Governor Steve Sisolak last week asked state agencies to prepare for approximately $700 million in budget cuts because tax revenues are falling every day.

For more than two weeks and at least until the end of this month, non-essential businesses have been ordered closed.

Sisolak’s announcement comes at a time of rising COVID-19 cases, hospitalizations and deaths, and skyrocketing unemployment.

It may be little solace for suffering Nevadans, but other states are feeling the same pinch. 

Help is coming from the federal government from the recently passed CARES Act. 

John L. Smith looked at where the money will be going.

“It is supposed to be used, the dollars, the block grant money is supposed to be used for expenses incurred during the period that begins March 1, 2020, and ends December 30, 2020,” he said. 

So, if a state wanted to use it to fix some other problem that proceeded the outbreak, they may not be able to.

The other big question is where exactly will the money go when it arrives.

“A lot of people are going to be fighting over that money because they’ve got a lot of personal interest in this whether its education or getting the economy back up and running or what have you,” Smith said.

Idaho is already looking trimming millions from its budget. Originally, it was believed that states with smaller populations, like Idaho, wouldn't get hit as hard as places like New York City.

However, in the ski resort town of Sun Valley, there was a large outbreak.

Smith said the governor is looking at the state budgeting process differently than Nevada.

“What they’re doing there unlike in Nevada where they’re calling for such potential cuts he’s talking about holdbacks," he said, "In other words, programs that were expanding were going to be put on hold. Hires that were going to be made are going to be put on hold.”

As for Nevada, it is expecting to get $1.2 billion, Smith said. But it won't come in one large lump sum. Instead, the state has to work at getting all it's entitled to.

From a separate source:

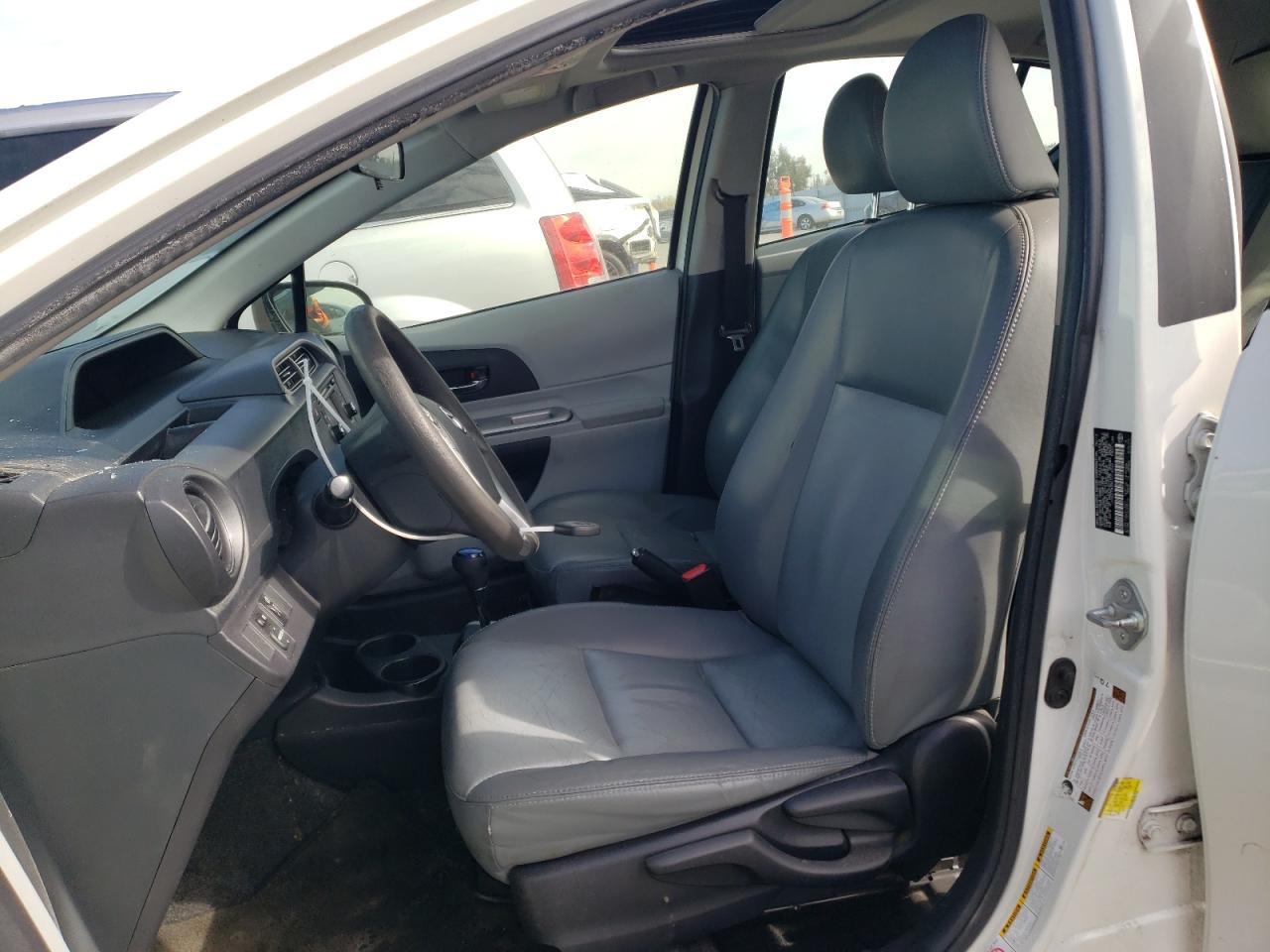2012 Toyota Prius - Image 7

“The governor’s got a ton his plate, clearly. The unemployment rate has skyrocketed and the unemployment office is overwhelmed, there is no question,” he said.

While the state is doing what it can to stop the spread and get disaster aid from the federal government, the City of Las Vegas and Clark County are coming together to construct a quarantine center, to be used for up to 350 homeless people in various stages of coronavirus exposure.

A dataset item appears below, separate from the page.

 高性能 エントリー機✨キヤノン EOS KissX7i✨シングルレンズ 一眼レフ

Smith praised the plan saying it was a good idea for the county and the city to work together on the multi-million dollar project.

It came after the city's disastrous effort to find a place for the homeless to stay when an important shelter closed. The Catholic Charities shelter closed after someone who had stayed there was diagnosed with the virus. 

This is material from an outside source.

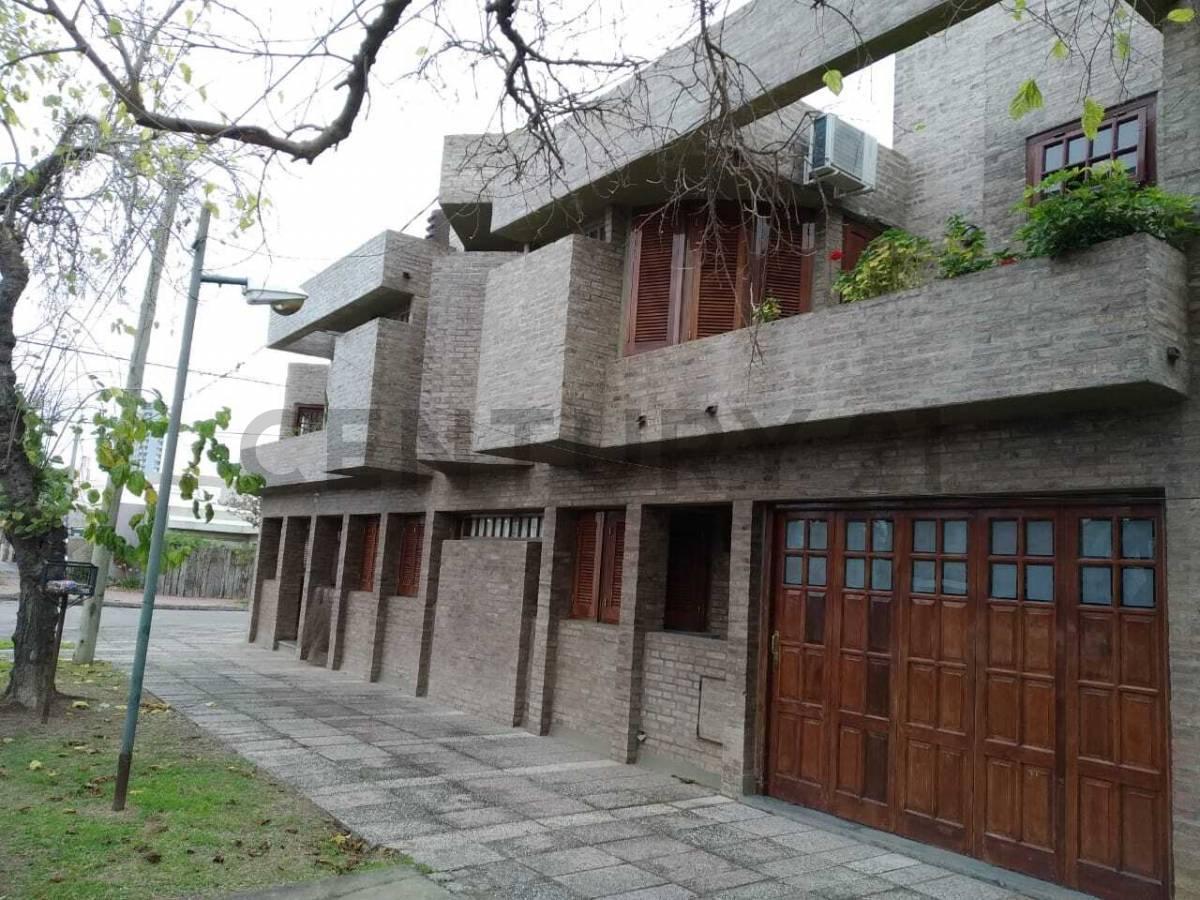Casa en Venta en Barrio Alberdi 2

The city painted white squares on the parking lot at Cashman Center and asked the homeless to sleep there. 

Associated Press

“The optics of the little squares on the parking lot were really bad. It’s an international story for a reason and it looked really bad. However, you really have to give the city and county credit for coming up with this idea and trying to develop it quickly,” Smith said.

Smith said the new quarantine facility has been delayed but the effort is underway to finish it by the end of the week.

And, Smith said, he's wearing a homemade protective mask because medical experts say it's probably a good thing to do at the store. But he's surprised to see so many in Las Vegas going out bare-faced.

“I look at that and I think to myself, ‘well maybe the CDC guidelines don’t matter to a lot of folks,’” he said.

Smith notes the mask is not for himself but for the grocery store worker who has to see hundreds of people every day.

Smith's mother-in-law has sown several masks for the family but the longtime journalist also notes he's become quite handy with rubber bands and handy wipes.